## Comprehensive Regression Analysis

### Estimating Crown Closure in TFL 38 Using VRI Data

#### 1. Problem Definition:
Crown closure is a key forest metric representing the proportion of ground covered by tree canopies. It influences habitat suitability, light availability, and stand productivity. This project aims to develop a regression-based machine learning model to predict crown closure using key forest inventory attributes from Vegetation Resources Inventory (VRI) data. This project follows a structured machine learning workflow, including data preprocessing, exploratory analysis, feature selection, model training, and evaluation, to opimize model performance.
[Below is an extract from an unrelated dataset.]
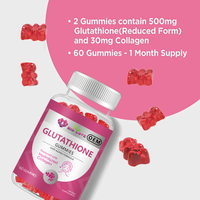 Gommes au glutathion pour l'éclat de la peau, soutien immunitaire, faible teneur en sucre, bonbons sucrés et acidulés, extraits naturels de plantes, pour une peau éclatante sans effort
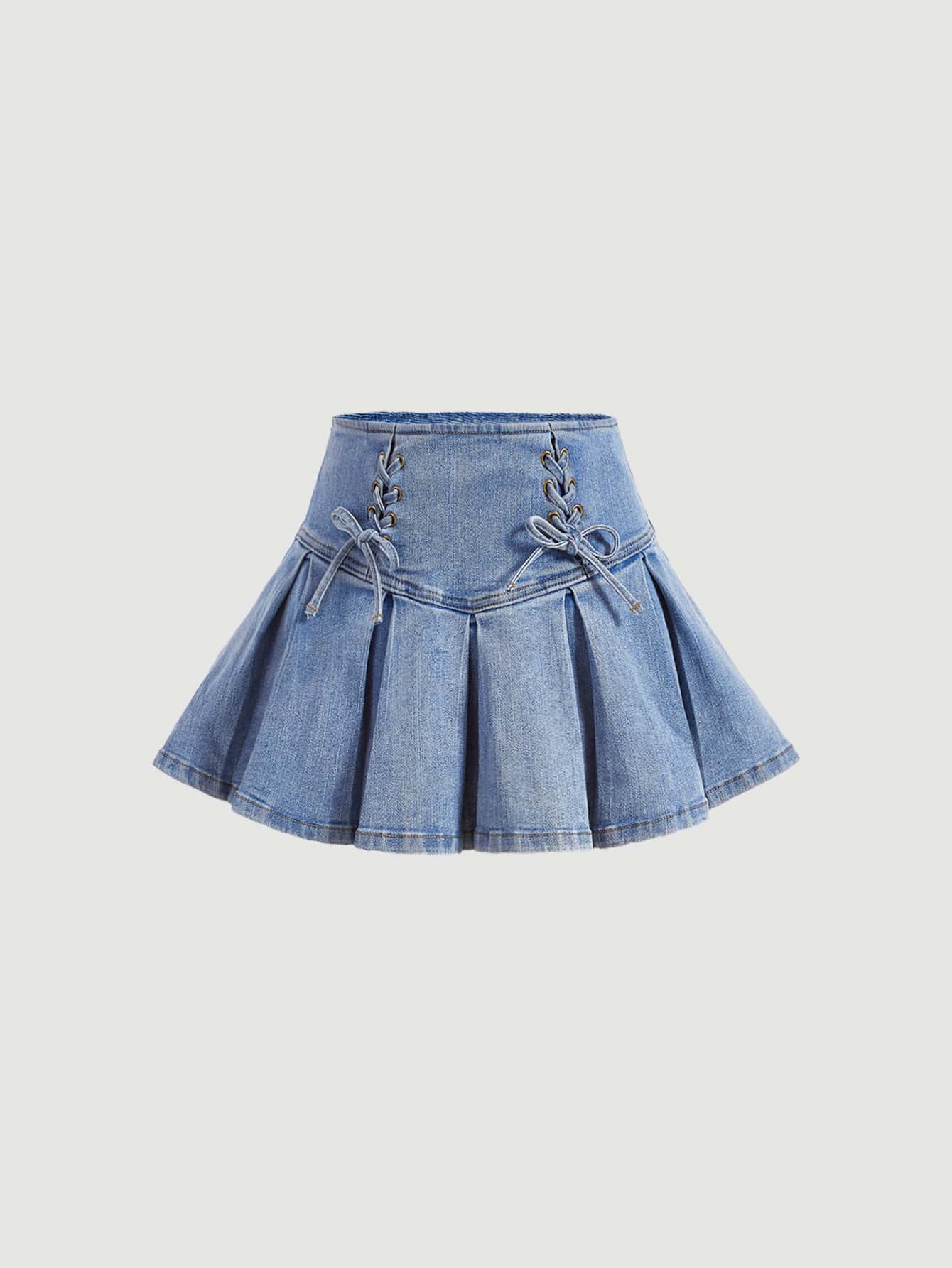 SHEIN ICON Lace Up Front Pleated Denim Skirt - Light Wash - View 1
#### 2. Data Description and Preprocessing
The dataset used in this project is sourced from the British Columbia Vegetation Resources Inventory (VRI), which provides stand-level forest attributes collected through remote sensing and field surveys. The target variable for this analysis is crown closure (%), which represents the proportion of the forest floor covered by tree canopies. The predictor variables selected for the model are basal area (m²/ha), VRI live stems per hectare, projected age (years), projected height (m), and whole stem biomass per hectare (Mg/ha). 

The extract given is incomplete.